# Any geocachers out there?



## Catherder (Aug 2, 2008)

My Christmas present was a new GPS unit for fishing. I have put it to use for my intended purpose, but me and my daughters have really gotten into geocaching and to my surprise, I seem to enjoy it as much as the kids. I don't think it will replace fishing as my #1 pursuit, but I can't always get the girls to go fishing or even hiking with me, but they are always eager to accompany their "old man" on geocaching runs. 

Any others out there into this?


----------



## DeadI (Sep 12, 2007)

I tried once, couldn't find the cach, but the kids had fun, when the weather gets alittle better I will have to give it a try again. 

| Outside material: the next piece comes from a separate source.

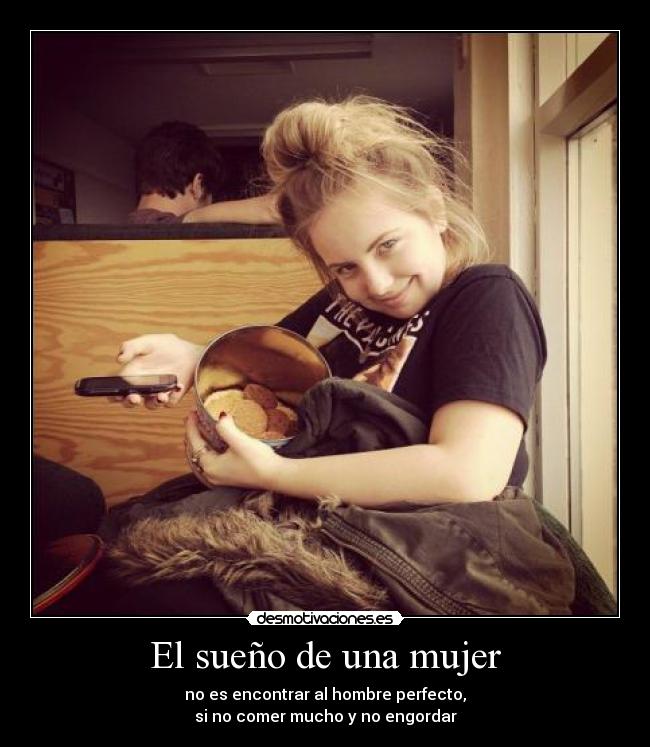 El sueño de una mujer - no es encontrar al hombre perfecto,
si no comer mucho y no engordar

What site do you use to find the next cach your going after?


----------



## Catherder (Aug 2, 2008)

DeadI said:


> What site do you use to find the next cach your going after?


http://www.geocaching.com/

You do need to register to get the coordinates, but it is free. Utah state parks also has a series of geocaches placed at the different State parks that you can find. The coordinates for each cache are listed here.

http://stateparks.utah.gov/geocaching


----------



## duneman101 (Nov 6, 2009)

lol, there use to be a geocache in the park behind my house, but the coordinates would always register in my back yard, that caused some interesting scenario's!!! :lol:


----------



## Petersen (Sep 7, 2007)

I do a little geocaching every now and again, and have even hidden a couple myself that I keep going.

As mentioned, geocaching likely isn't an activity that's going to replace something else. Instead, it's mostly an additional thing to do when you're out and about doing something else. For example, if you're headed off into the hills to go fishing, there's a good chance that geocaching.com will list a few nearby geocaches to find.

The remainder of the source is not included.